Plotting histogram of shot counts binned by shot angle:
-
In the first plot of shots that led to goals versus the angle of the shot, there is an exponential decrease in the in goal count with decrease in shot angle. Most counts are clustered around the 80 to 90 degree shot angle range.
-
However in the second plot, there is a smoother decrease in shot counts (like an ascending bell-curve) from the 80 degree mark.
-
A common characteristic between the two plots is that there is a large cluster of counts for shot angles >80 and very low counts for shot angles lesser than 40 degrees.
2D histogram of shot distance vs shot angle (goals and non-goals included):
- The darkest (densest) regions are at short distances (0–20 feet) and high shot angles (80–90 degrees).
- This suggests that most shot counts are those taken from close range and directly in front of the net.
- Additionally, the plot indicates also that with increase in distance to the goal, shots are taken at a tighter angles (less head-on towards goal).
References: Joint Plots
2.2 Plotting Goal Rate (Goal/(No Goals + Goals)) binned by distance and shot angle
Goal rate by shot distance:
Observations
-
The highest goal rates occur in the smallest distance bin ( 0–10 feet), with a goal rates exceeding 0.16. Generally the goal rates are higher for smaller distances from goal.
-
There is an exponential decline in goal rate as the distance increases (0 - 60 feet).
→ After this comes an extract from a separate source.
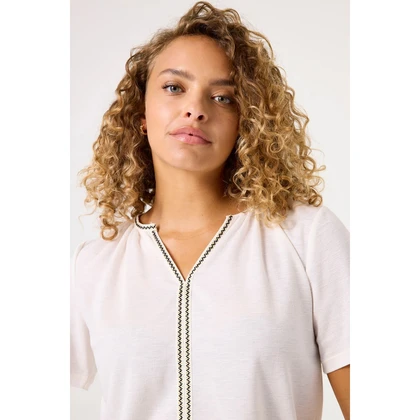 Dames T-shirt B50003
Beyond 40 feet, the goal rate becomes very low (below 0.05), indicating that long-range shots have much lower chances of success.
-
From the 80 feet range (80 - 100 feet), there seems to be a slight increase in goal rate over distance. This is potentially due to the presence of wrong data(wrong x, y coordinates) in contrast to the actual events of the game, which is explained further in section 2.3.
Goal rate by shot angle:
Observations
- The highest goal rate is observed in the largest shot angle bin (80–90 degrees), with a goal rate above 0.10. These are most likely head-on shots directly in front of the goal.
-
Another slight rise in goal rate is seen at small angles (0–10 degrees), possibly reflecting odd deflections or rebounds.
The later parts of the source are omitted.